▶ [Try it]: What follows is a listing. Write it all out exactly.

▶ [Data provided]:
* * * * * * * * *
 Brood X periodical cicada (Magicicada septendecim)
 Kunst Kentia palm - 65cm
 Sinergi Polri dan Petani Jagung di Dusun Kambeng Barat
* * * * * * * * *
▶ [Response to the task]:
 Brood X periodical cicada (Magicicada septendecim)
 Kunst Kentia palm - 65cm
 Sinergi Polri dan Petani Jagung di Dusun Kambeng Barat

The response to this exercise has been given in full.